» EXERCISE DIRECTIONS: Begin at the top of the records below and return each line exactly through the line with "Omron Diffuse Photoelectric". Skip pictures.

══════

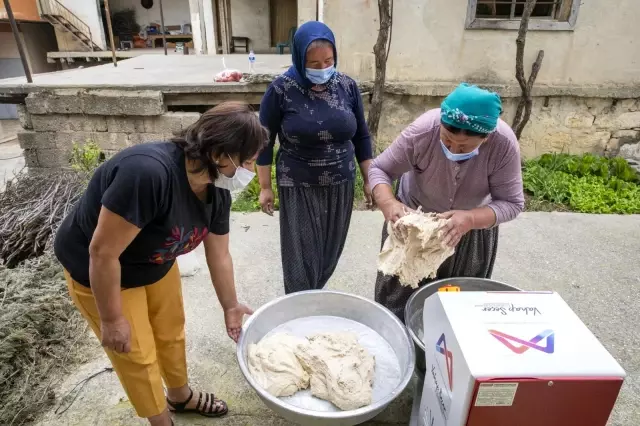Yufkalarını artık hamur yoğurma makinesinden elde ettikleri hamurla yapıyorlar Yufkalarını artık hamur yoğurma makinesinden elde ettikleri hamurla yapıyorlar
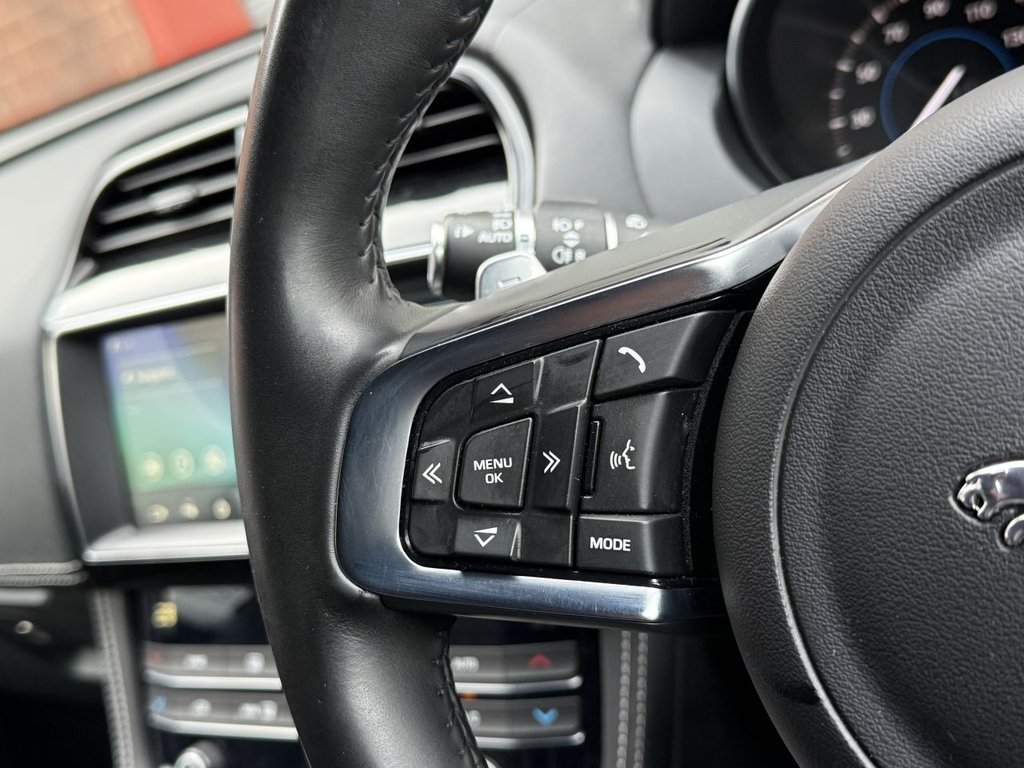 Used Jaguar F-Pace 2019 for sale - 77666855: Photo 38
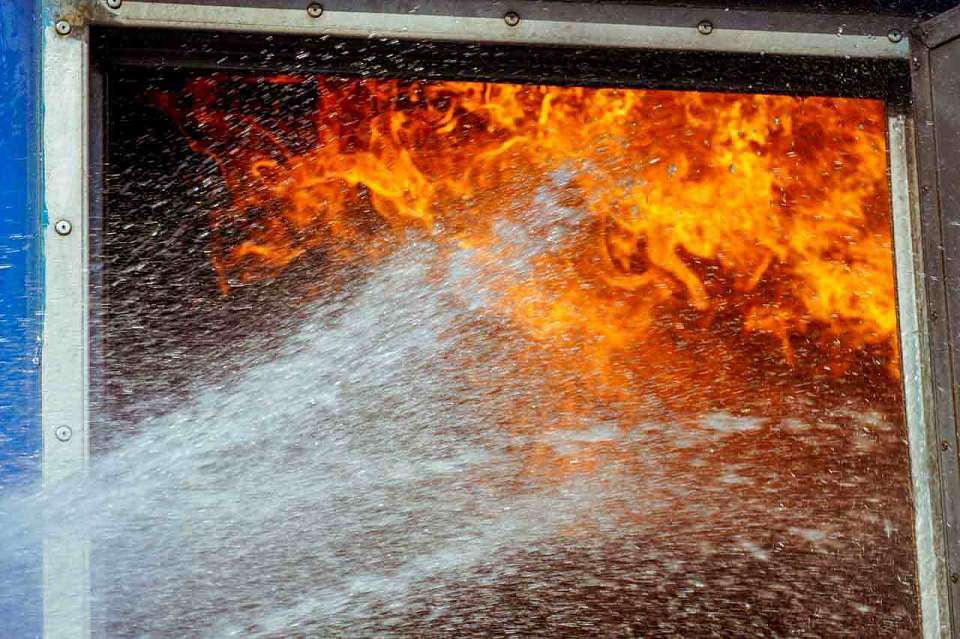 Пункт выдачи заказов сгорел с товарами ночью под Воронежем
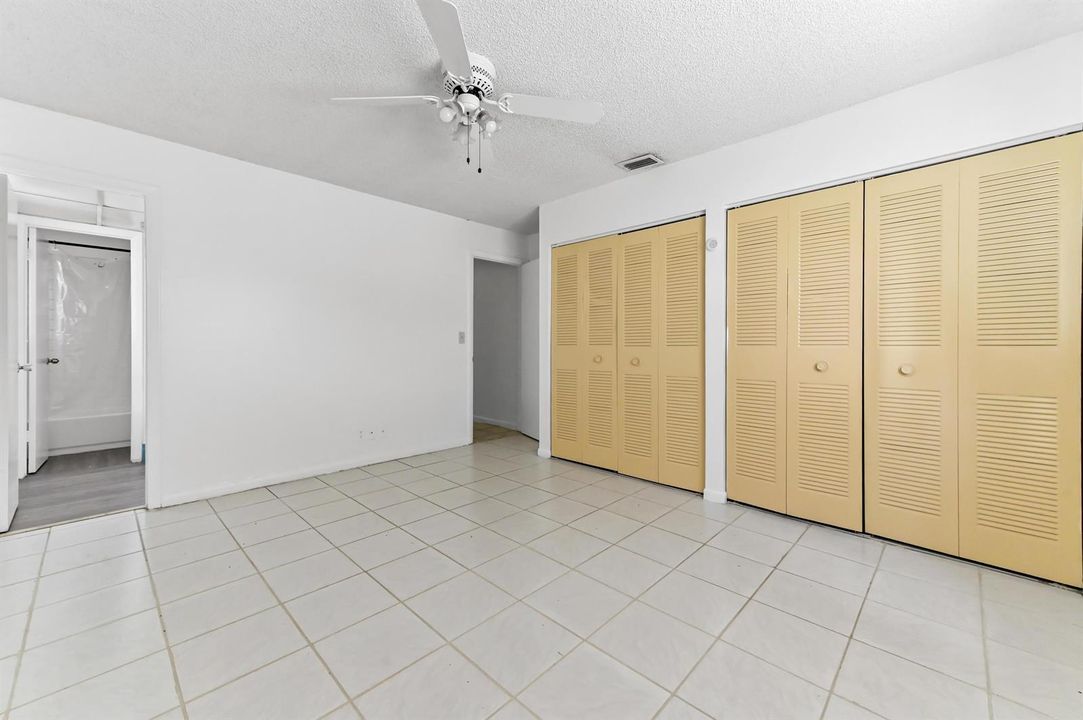 20 bedroom 02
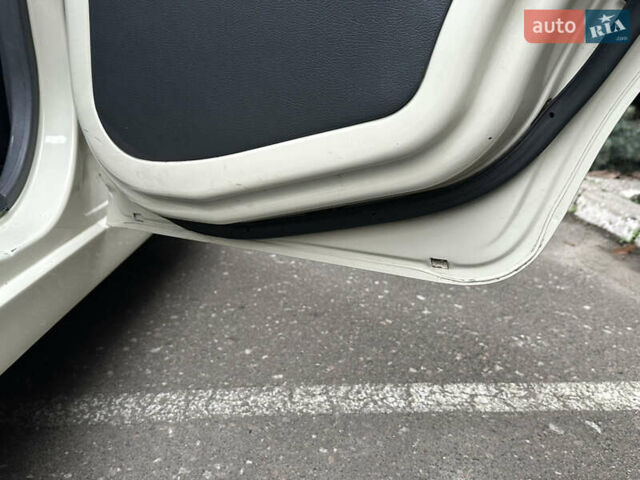 Белый Дэу Матиз, объемом двигателя 0.8 л и пробегом 75 тыс. км за 1999 $, фото 18 на Automoto.ua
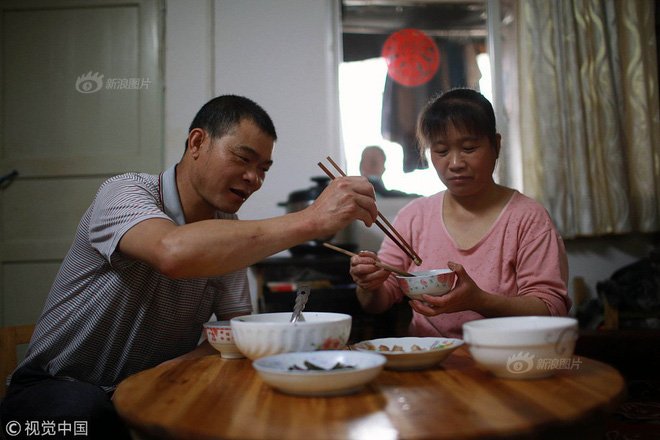 Một vợ hai chồng, chồng mới chăm sóc cho chồng cũ của vợ như anh em ruột thịt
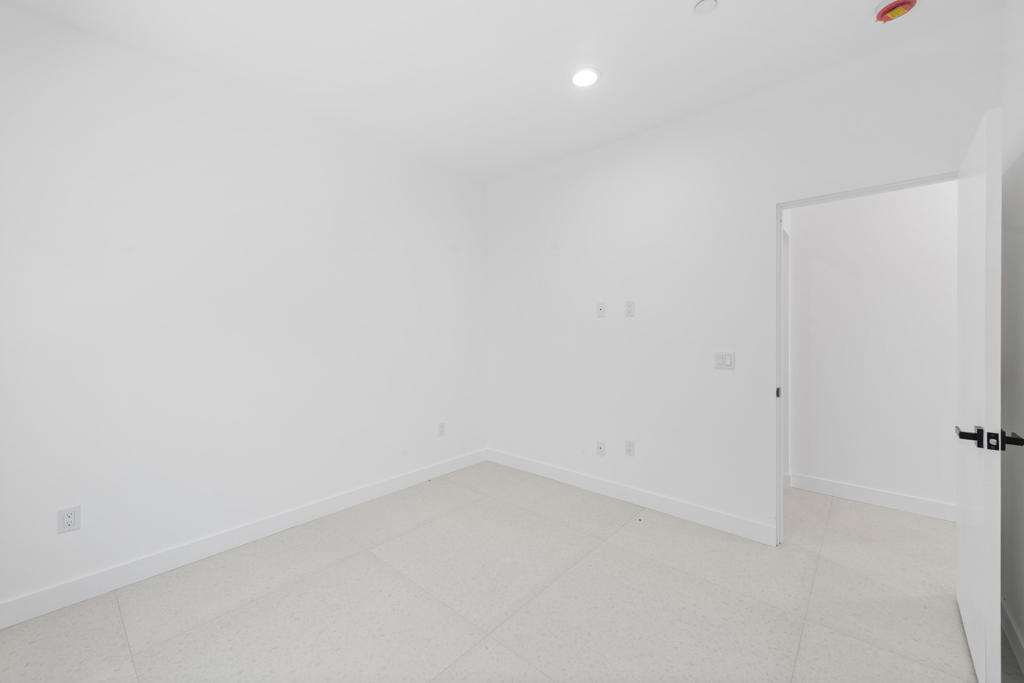 18519 Sagebrush Trail Property Photo 23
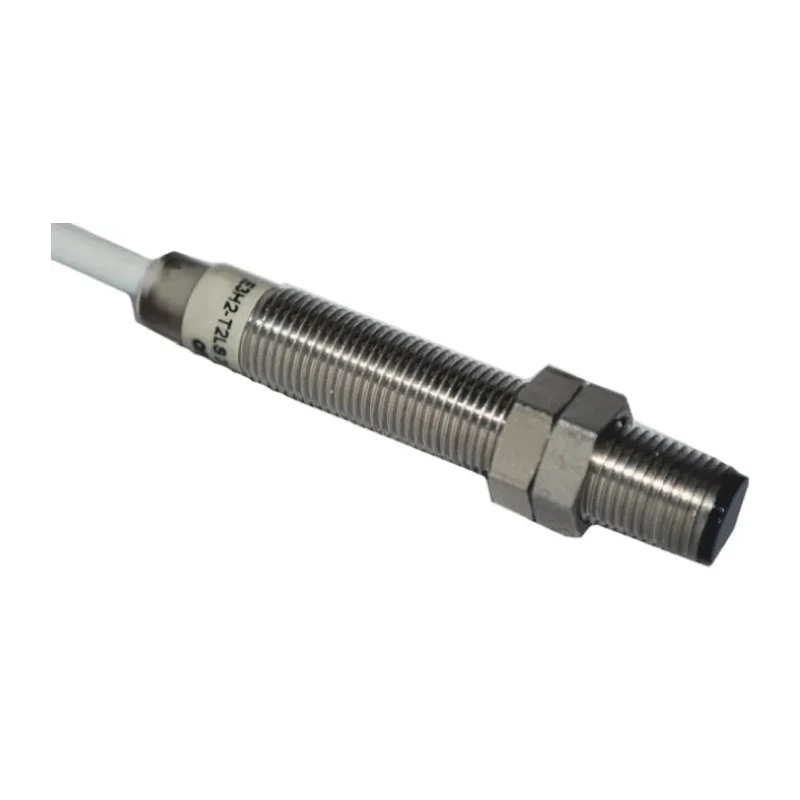 Omron Diffuse Photoelectric Sensor Barrel Sensor 100 mm PNP IP67 E3H2-DS10B4M 2M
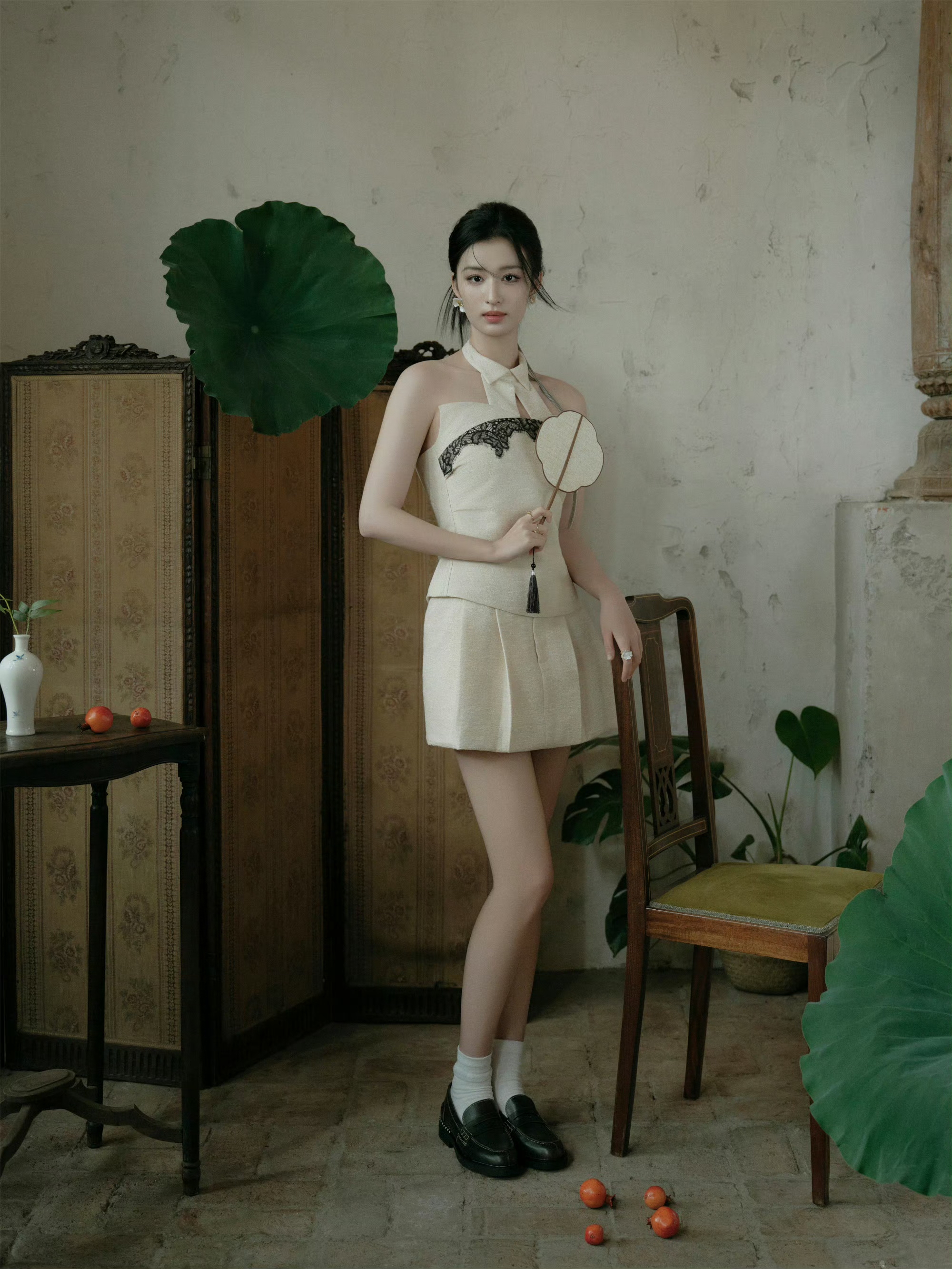 王楚然,米色裙装,满满的少女柔美气息 ???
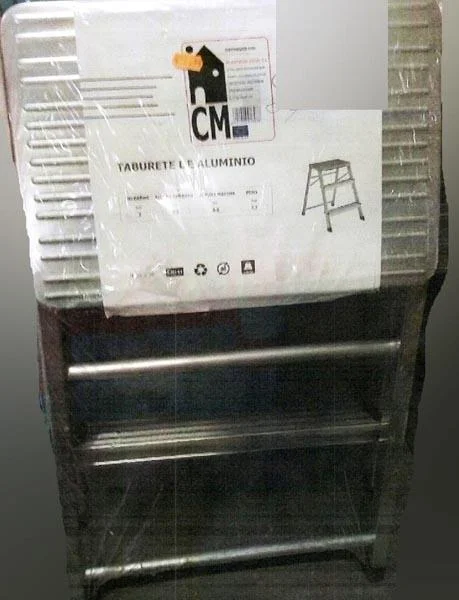 CM — Taburete de Aluminio ('Aluminium stool')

══════

» ANSWER TO THE EXERCISE:
Yufkalarını artık hamur yoğurma makinesinden elde ettikleri hamurla yapıyorlar Yufkalarını artık hamur yoğurma makinesinden elde ettikleri hamurla yapıyorlar
 Used Jaguar F-Pace 2019 for sale - 77666855: Photo 38
 Пункт выдачи заказов сгорел с товарами ночью под Воронежем
 20 bedroom 02
 Белый Дэу Матиз, объемом двигателя 0.8 л и пробегом 75 тыс. км за 1999 $, фото 18 на Automoto.ua
 Một vợ hai chồng, chồng mới chăm sóc cho chồng cũ của vợ như anh em ruột thịt
 18519 Sagebrush Trail Property Photo 23
 Omron Diffuse Photoelectric Sensor Barrel Sensor 100 mm PNP IP67 E3H2-DS10B4M 2M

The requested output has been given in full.